The new policy decisions mean the reforms will be implemented as of the 1st of April 2013 and they basically curb ‘no win no fee’ claims. The key reforms are as so;
• Lawyers will no longer be able to recover after the fact costs and success fees.
• General damages will rise by 10%.
• In personal injury cases, success fees will be limited to 25% of the damages
While two of the key reform points are aiming to making the successful client better off than they would be before the reform com into place, the first reform rules out ‘no win no fee’ claims. With some claimants only taking their cases to court due to the fact that if they do not win, they pay no fees, there will probably be a fall in the number of cases that will make it to court.

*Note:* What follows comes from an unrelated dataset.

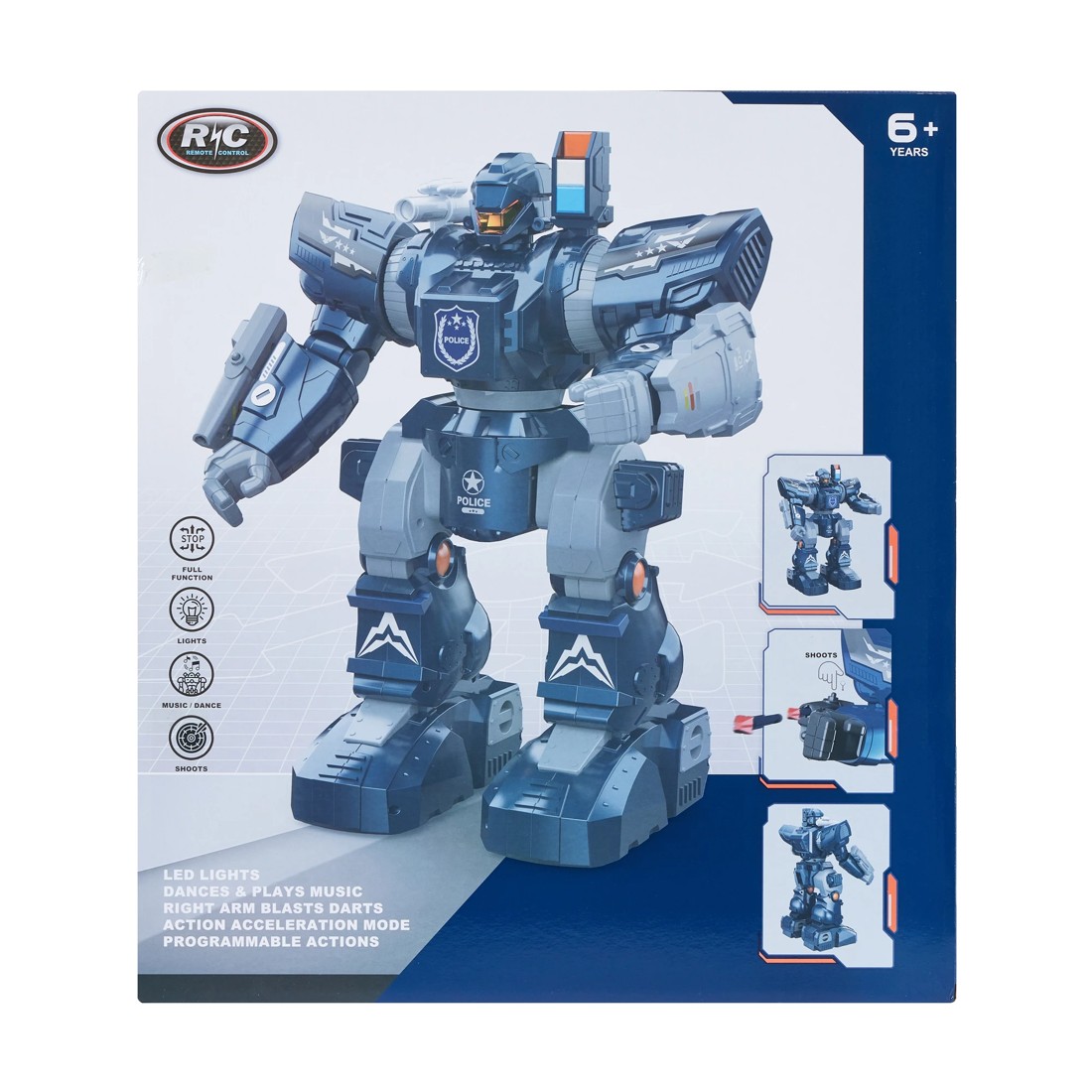 10 RC Police Robot Toy, 10 of 10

A Ministry of Justice spokesperson said: “We are committed to reforming the ‘no win no fee’ system so that legal costs for reasonable compensation claims will be more proportionate, and avoidable claims will be deterred from going to court. This will help us to move away from the current unacceptable situation where, for example, the NHS paid £200m to claimants’ lawyers for compensation cases in 2010-11 – around three times more than it paid its own lawyers.
With no major reforms in the justice system for 15 years, supporters of the reforms may argue that the justice system is being exploited. However, by basically ruling out the ‘no win no fee’ claims, many people may view the reforms as denying access to justice for genuine victims who may not take their cases to court in case they lose and have to pay expensive lawyer fees.